Task requirements: Go through the lines below and repeat each one exactly, skipping pictures.

Supplied data:
>>>>
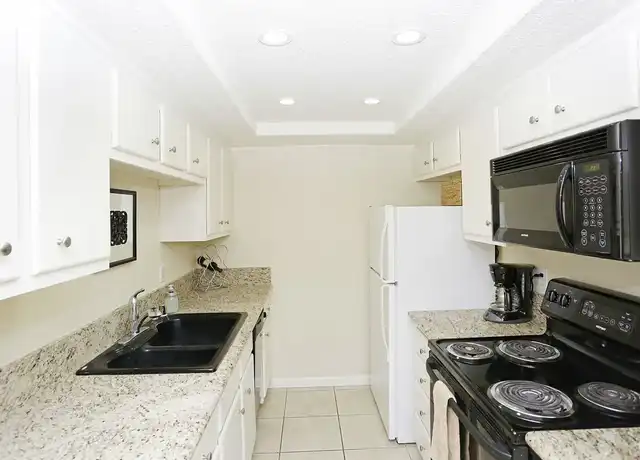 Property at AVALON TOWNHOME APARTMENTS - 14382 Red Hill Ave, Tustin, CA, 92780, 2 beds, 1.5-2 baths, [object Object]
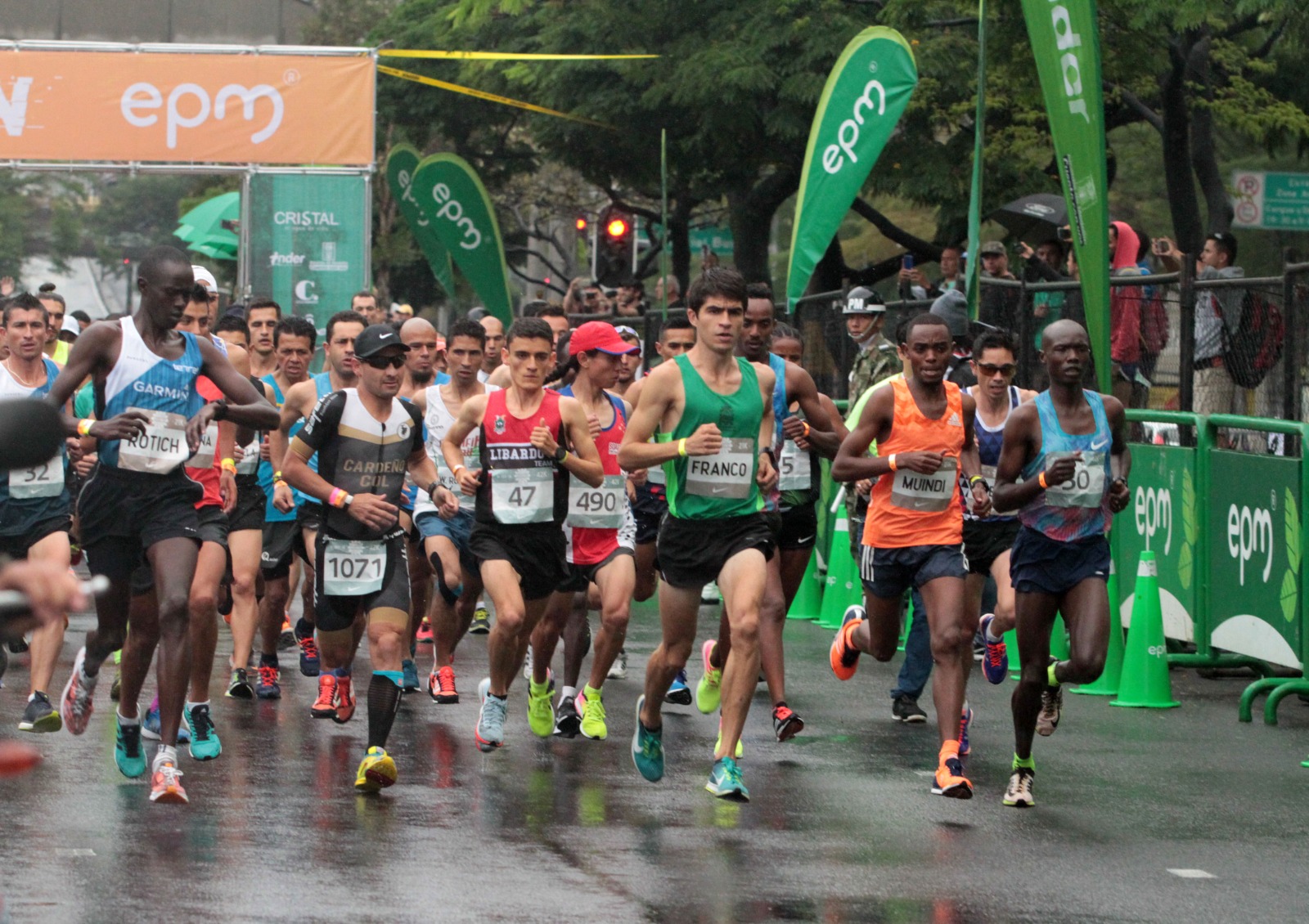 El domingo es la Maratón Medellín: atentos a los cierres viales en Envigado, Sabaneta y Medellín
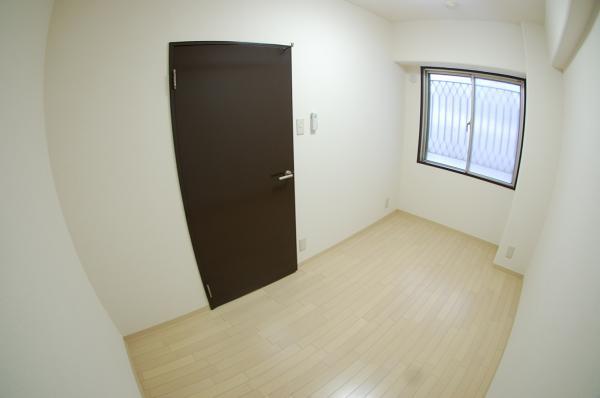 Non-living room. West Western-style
<<<<
Exercise result:
 Property at AVALON TOWNHOME APARTMENTS - 14382 Red Hill Ave, Tustin, CA, 92780, 2 beds, 1.5-2 baths, [object Object]
 El domingo es la Maratón Medellín: atentos a los cierres viales en Envigado, Sabaneta y Medellín
 Non-living room. West Western-style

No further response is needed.